マンスリーイベント「LIVESTAR’s CAMP」。
今回はクリスマスムード全開の渋谷で、「SHIBUYA DESEO 9th Anniversary LIVESTAR’s CAMP vol.5」として開催された。
トップバッターは、メロディラインが綺麗で、懐かしさ漂う楽曲を聴かせる、下北沢・吉祥寺を中心に活動中のジェントルズ。
どこか切ない歌声の島子勇一(vo,g)、その楽曲を色付けるシーケンス的フレーズを奏でる星 直旗(g)、そして佐古 聖(b)と亀田佳卓(ds)による呼吸のあったリズム隊という4人組だ。

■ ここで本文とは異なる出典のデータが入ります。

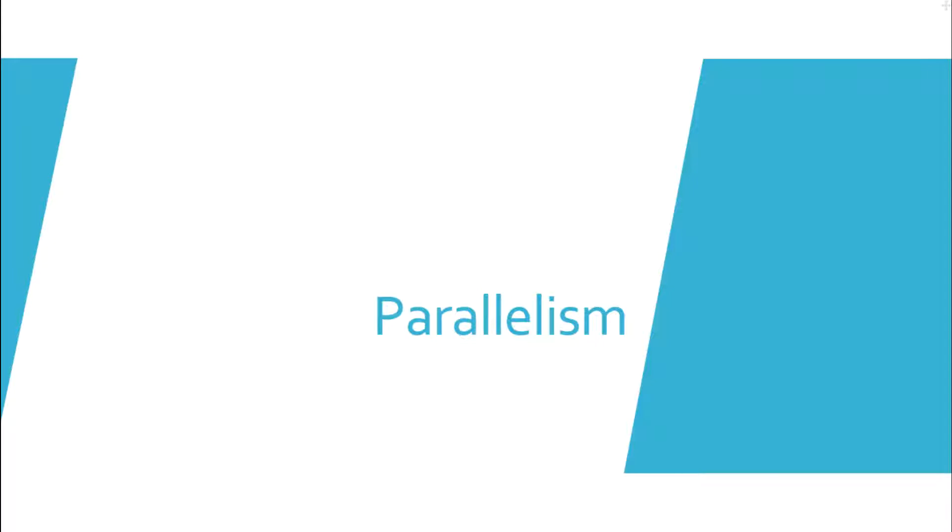Hello. In the last few videos, I gave a brief overview of SMP and MPP architectures. In this video, I will give an overview of how parallelism is achieved in data stage jobs.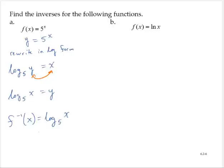Alternatively, we could write f inverse of x is equal to the log of x divided by the log of 5, using the change of base rule.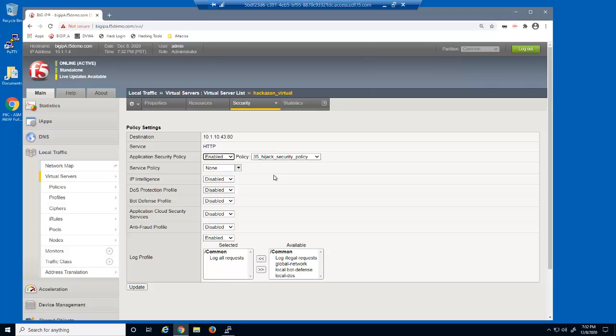The hijack security policy. We created this security policy before we started this demo.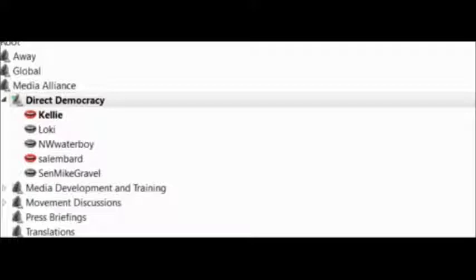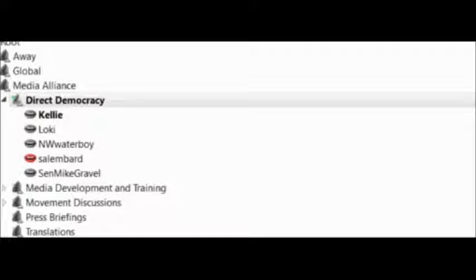Today we have with us Senator Mike Gravel, former U.S. Senator from the state of Alaska. He's now retired and hopefully enjoying his well-earned retirement after years of public service.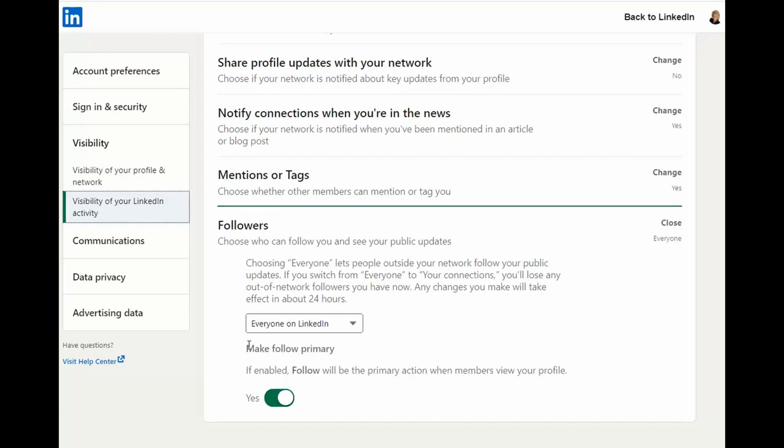Here, you will see make follow primary. In order to do that, you will click this button to change from no to yes.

3曲目に演奏した「47℃」という楽曲が素晴らしかった。
ジェントルズのこれからを示しているような楽曲に思えた。
ラストの曲「絆カンタービレ」は今年3回ジェントルズを見た中で、ベストテイクだったと思う。
⇒ジェントルズの曲をフル試聴する〈全5曲〉
2番手は、羽化。
どうやらライヴをやるのは久しぶりのようだったが、歌うことの楽しさを体全体で表現する純の説得力のある歌声に、ただただ納得させられた。

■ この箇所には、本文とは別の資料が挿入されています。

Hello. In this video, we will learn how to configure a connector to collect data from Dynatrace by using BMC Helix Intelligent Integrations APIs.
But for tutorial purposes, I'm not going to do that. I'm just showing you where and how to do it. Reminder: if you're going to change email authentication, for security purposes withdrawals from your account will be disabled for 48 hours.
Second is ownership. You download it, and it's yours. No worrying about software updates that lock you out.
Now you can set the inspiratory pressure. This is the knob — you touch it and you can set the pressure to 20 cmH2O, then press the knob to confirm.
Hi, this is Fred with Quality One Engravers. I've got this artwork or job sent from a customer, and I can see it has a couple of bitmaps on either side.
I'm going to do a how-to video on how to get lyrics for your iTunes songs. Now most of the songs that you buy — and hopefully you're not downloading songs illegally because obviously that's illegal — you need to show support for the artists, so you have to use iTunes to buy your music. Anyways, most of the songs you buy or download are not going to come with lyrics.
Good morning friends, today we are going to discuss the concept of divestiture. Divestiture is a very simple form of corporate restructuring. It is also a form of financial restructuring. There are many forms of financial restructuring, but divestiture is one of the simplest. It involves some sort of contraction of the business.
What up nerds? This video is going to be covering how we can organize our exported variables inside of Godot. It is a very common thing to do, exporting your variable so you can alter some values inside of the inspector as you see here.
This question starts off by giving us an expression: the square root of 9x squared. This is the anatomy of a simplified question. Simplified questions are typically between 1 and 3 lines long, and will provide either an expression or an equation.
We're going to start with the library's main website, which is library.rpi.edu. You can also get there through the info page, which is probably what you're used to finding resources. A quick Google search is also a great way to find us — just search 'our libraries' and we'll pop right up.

さらに、ポップなメロディにハードなギターで味付けするRandee(g)、シンバルの位置が特徴的だったサポートドラマー&サポートベーシストのプレイが光っていた。
次のライヴは3ヵ月先とのことだが、純の歌声をぜひまた聴きたいと思った。
次に出演したのは、本日唯一の3ピースバンド、INSHORT。
2007年はこの日を含め約90本のライヴをやってきた彼らは、優しい気持ちにさせてくれる楽曲、スレートな歌詞、そして、なんといってもコーラスワークが素晴らしい。
3曲目「愛の唄」で、にっぱん(ds)はドラムを叩かずにステージ中央スタンドマイクの前に、和田竜二(b)も楽器を持たずにマイクの前にスタンバって、宇津木 淳(vo,g)が弾くアコースティックギターと声のみでの、アカペラヴァージョンで聴かせてくれた。
3人ともサンタの帽子を被り、会場をクリスマスと愛で包んでくれた。
そのパフォーマンスは圧巻!
コーラスグループに負けないぐらいのクオリティーだった。
そしてラスト曲「smile」で、会場全体を笑顔いっぱいにした。
⇒INSHORTの曲をフル試聴する〈全10曲〉
4番手は、I-lulu。
水島歌菜(vo)と片山義美(g)のふたりで活動しているのだが、今回はサポートにバックバンドを迎えてのライヴだった。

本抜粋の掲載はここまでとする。